Do you want the good news or the bad news first. Well, I'll just assume you're like me and always want the bad news first...
I've lost my camera. It's gone. Poof. Nowhere. I suppose it's somewhere but it's keeping that location to itself. Which means no more pictures until I scrounge up the money to buy a new one... which will be a few months. Which is very, very sad because it's December, which means presents, which means projects, which means lots of stuff I would really, really love to post pictures of.
The good news is, it's December, which means presents, which means projects, which means I am very, very busy.
I'm attempting a handmade Christmas this year. I started out thinking of making one or two things but once my hands started making they just couldn't stop, so the handmade Christmas was unintentional. I've really enjoyed it. I've been learning new skills like hand embroidery and pattern making. It's amazing all the things you can do at home.
I know lots of people talk about making things 'in house' as a cost saving measure, less money spent, more in your pocket. That's somewhat true. While it does cost less money, it takes way more time to make everything than to walk into a shop and buy it. I ran the numbers for the Christmas apron I made based off the pattern I drafted (see last post).
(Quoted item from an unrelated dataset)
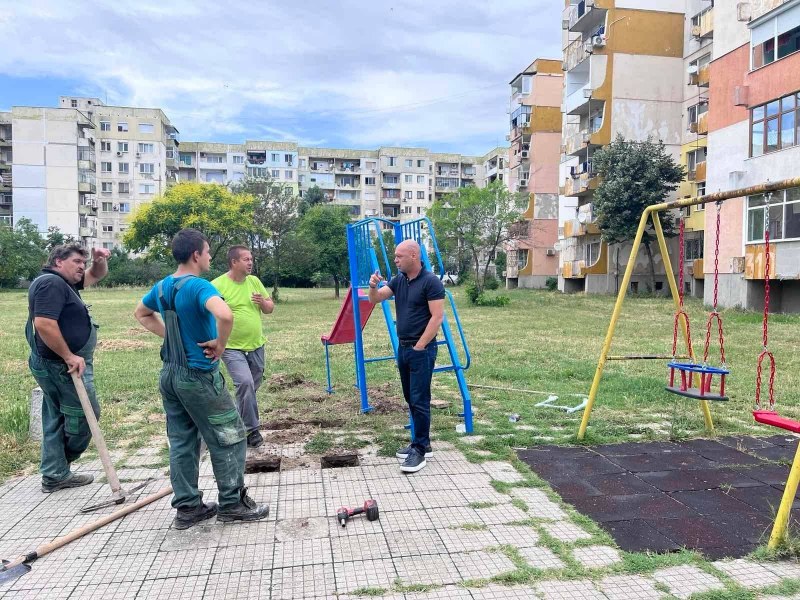 Десет детски площадки в Тракия са с нови съоръжения за игра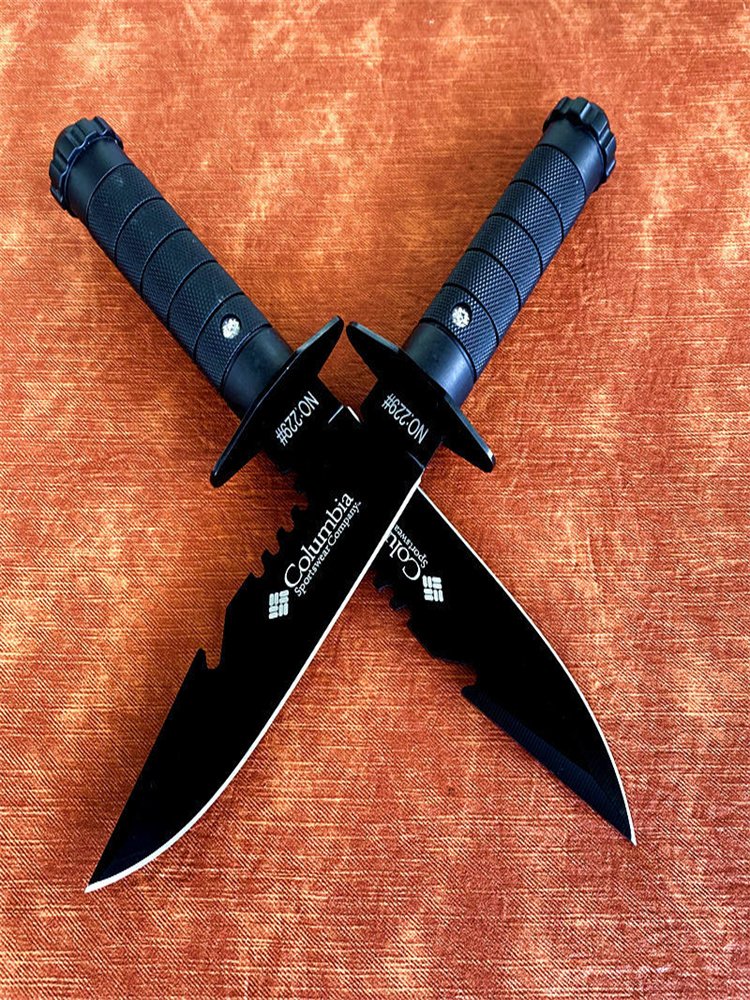 An open-air knife with a fruit-protective knife and a long, hard-to-live knife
If you paid me minimum wage for the time it took me to make the apron (not to mention create the pattern) it comes to $41.25. That's pretty much what Mary Jane's Farm was charging and I didn't include the cost of materials. I would argue that if I was really good at this sort of thing, it would take me less time. I would also argue that the value of learning that I could draft a pattern and learning how to work out all the kinks through the production process was more than the value I would have received if I had just paid $40 for the apron and had my five and half hours of time. But that's just me.
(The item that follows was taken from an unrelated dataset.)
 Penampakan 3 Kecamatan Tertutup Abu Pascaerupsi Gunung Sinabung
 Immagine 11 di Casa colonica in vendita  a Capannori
I've also been learning how to host people. We've invited several people to celebrate Advent with us in our home every Sunday this month. It's exciting and kind of intimidating. I'm a quiet person, I don't like being around a bunch of people. But I love Advent. I love the waiting and the daily reminder of what Christmas is about and why it's the best time of the year. I really want to share that but to do that I have to get over this whole 'I don't really like being around lots of people' thing. I'm trying to keep it simple: people come over, people share a pot of soup and talk, we all move to the living room where the Advent wreath is and read the official Advent scriptures, light the candles, talk about the subject of that particular week's Advent candle and why it's important, then do whatever fits the mood: sing, talk, sit in contemplation, leave in silence, whatever. I need it to not be stressful... Christmas shouldn't be stressful. It's God's work, all He asks is for us to come and see. If our houses aren't perfect, that's okay, if our cookies aren't perfect, that's okay, if our hearts aren't perfect, that's okay, if we refuse God, that's not okay. Hm... I'm vaguely reminded of something I thought of in the car on the way to Thanksgiving but I can't remember what I wanted to say, I can only remember the feeling and mood, something about how the verse says that Jesus stands at the door and knocks and we always think about this polite little man politely knocking at the door... but maybe He's standing at that door and pounding... perhaps it will come to me later.
In any case, I've been trying to put my heart into Christmas. To be gracious and open to others, to make my gifts personal and full of effort and love, to craft and create. To put Christmas in my heart where it belongs.